Genetically engineered mice are invaluable biological tools in biomedical research. The development of both transgenic and targeted mutant mice has allowed researchers to study gene function in the context of a whole mammalian organism. These studies, however, have limitations. For example, the deletion of a gene required during embyronic development often results in embryonic or perinatal lethality, making it impossible to study the effects of the gene ablation at later developmental ages.
In addition, unregulated over-expression of transgenic gene products may have unwanted physiological or toxic effects. The development of inducible expression systems has allowed researchers to overcome some of the problems associated with transgenic and targeted mutagenesis studies.
The Tet-Off and Tet-On expression systems are binary transgenic systems in which expression from a target transgene is dependent on the activity of an inducible transcriptional activator. In both the Tet-Off and Tet-On systems, expression of the transcriptional activator can be regulated both reversibly and quantitatively by exposing the transgenic animals to varying concentrations of tetracycline (Tc), or Tc derivatives such as doxycycline (Dox).
The Tet-Off and Tet-On systems are complementary, and the decision to choose one over the other depends on the particular experimental strategy. In the Tet-Off system, transcription is inactive in the presence of Tc or Dox; conversely, in the Tet-On system, transcription is active in the presence of Dox. (Tet-On responds poorly to Tc.)
Tet-Off expression system
In the Tet-Off expression system, a tetracycline-controlled transactivator protein (tTA), which is composed of the Tet repressor DNA binding protein (TetR) from the Tc resistance operon of Escherichia coli transposon Tn10 fused to the strong transactivating domain of VP16 from Herpes simplex virus, regulates expression of a target gene that is under transcriptional control of a tetracycline-responsive promoter element (TRE).
The TRE is made up of Tet operator (tetO) sequence concatemers fused to a minimal promoter, (commonly the minimal promoter sequence derived from the human cytomegalovirus (hCMV) immediate-early promoter). In the absence of Tc or Dox, tTA binds to the TRE and activates transcription of the target gene. In the presence of Tc or Dox, tTA cannot bind to the TRE, and expression from the target gene remains inactive.
Tet-On expression system
The Tet-On system is based on a reverse tetracycline-controlled transactivator, rtTA. Like tTA, rtTA is a fusion protein comprised of the TetR repressor and the VP16 transactivation domain; however, a four amino acid change in the tetR DNA binding moiety alters rtTA's binding characteristics such that it can only recognize the tetO sequences in the TRE of the target transgene in the presence of the Dox effector. Thus, in the Tet-On system, transcription of the TRE-regulated target gene is stimulated by rtTA only in the presence of Dox.

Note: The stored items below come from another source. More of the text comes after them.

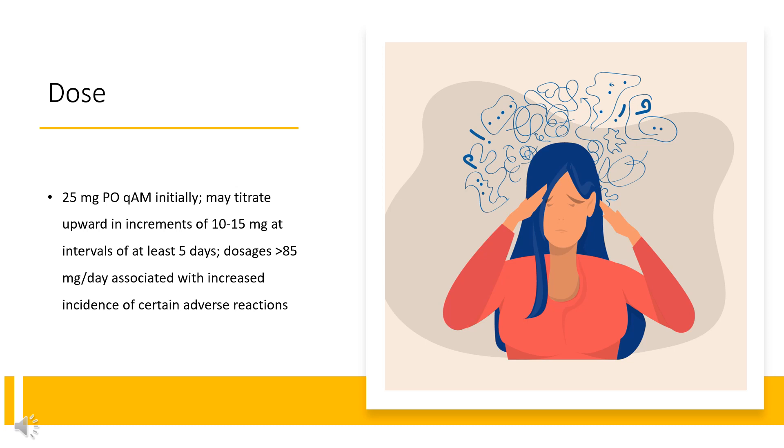Narcolepsy. Methylin/Ritalin immediate release tablets and oral solution: 20–30mg/day PO divided Q8–12HR, 30–45 minutes before meals; some patients may require 40–60mg/day; in others, 10–15mg/day may be adequate. Methylin ER: duration of action is approximately 8 hours; may use in place of methylphenidate IR tablets when 8-hour dosage of methylphenidate ER corresponds to the titrated 8-hour dosage of methylphenidate IR.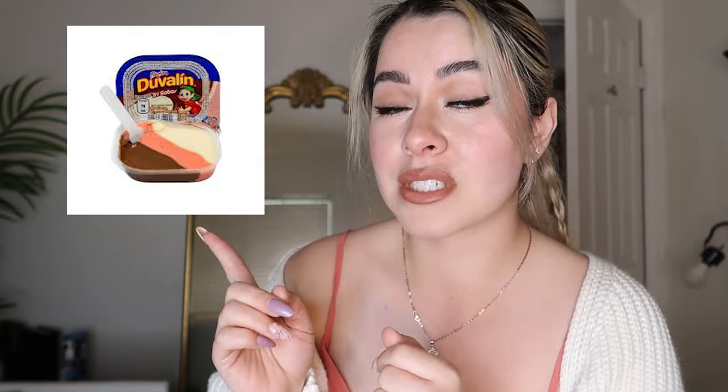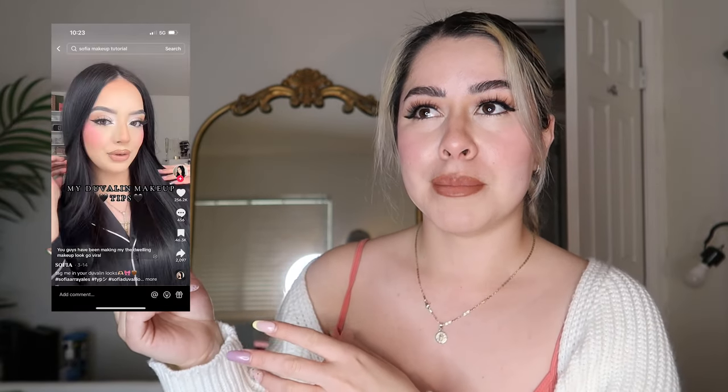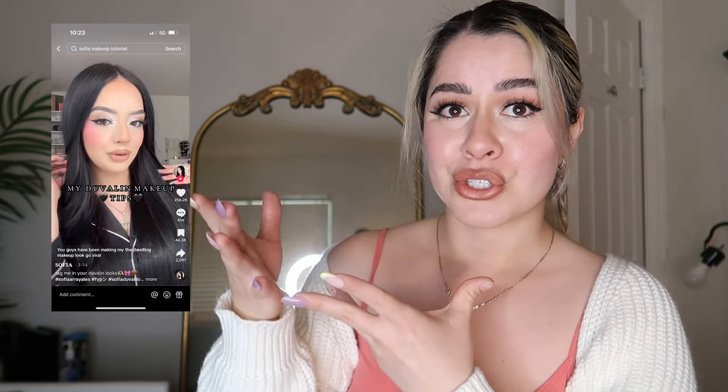Hello beautiful people, welcome back to my channel. For today's video we're gonna be attempting to do this beautiful look. This actually went kind of viral last month but I've been wanting to try it. This is called the Duvaline makeup look. If you don't know what Duvaline is, it is a Mexican candy — if you haven't tried it, try it, it's delicious. I'm gonna put a photo of the creator that actually started this look, so definitely go check out her page.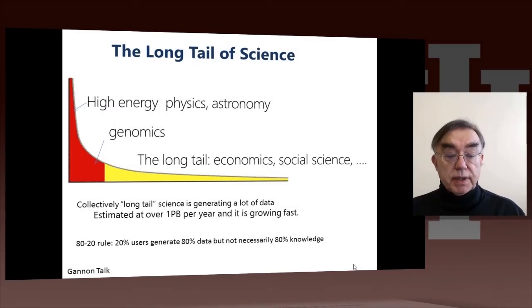Here's another important topic. This particular slide comes from a talk by Dennis Gannon, and it's about the so-called long tail of science. We've discussed in detail high energy physics, mentioned astronomy, and pointed out genomics. This is sort of big science — though genomics is halfway between big and small science.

The two vector design of the Tet-Off and Tet On systems allows tissue-specific promoters to drive tTA or rtTA expression, resulting in tissue-specific expression of the TRE-regulated target transgene. Further, the ability to strictly regulate the level of rtTA and tTA activity allows the investigator to regulate activation of the target gene both quantitatively and temporally.
Important note: expression of a TRE-regulated transgene may be influenced also by its chromosomal insertion site.
References
1. Baron U, Bujard H. 2000. Tet repressor-based system for regulated gene expression in eukaryotic cells: Principles and advances. Methods Enzymol 327: 401-21.
2. Furth P et al. 1994. Temporal control of gene expression in transgenic mice by a tetracycline-responsive promoter.Proc Natl Acad Sci USA 91: 9302-6.
3. Gossen M, Bujard H. 1992. Tight control of gene expression in mammalian cells by tetracycline-responsive promoters. Proc Natl Acad Sci USA 89: 5547-51.
4. Kistner A et al. 1996. Doxycycline-mediated quantitative and tissue-specific control of gene expression in transgenic mice. Proc Natl Acad Sci USA 93:10933-38.
5. Schonig, K, Bujard H. 2003. Generating conditional mouse mutants via tetracycline-controlled gene expression. In: Transgenic Mouse Methods and Protocols, Hofker, M, van Deursen, J (eds.) Humana Press, Totowa, New Jersey, pp. 69-104.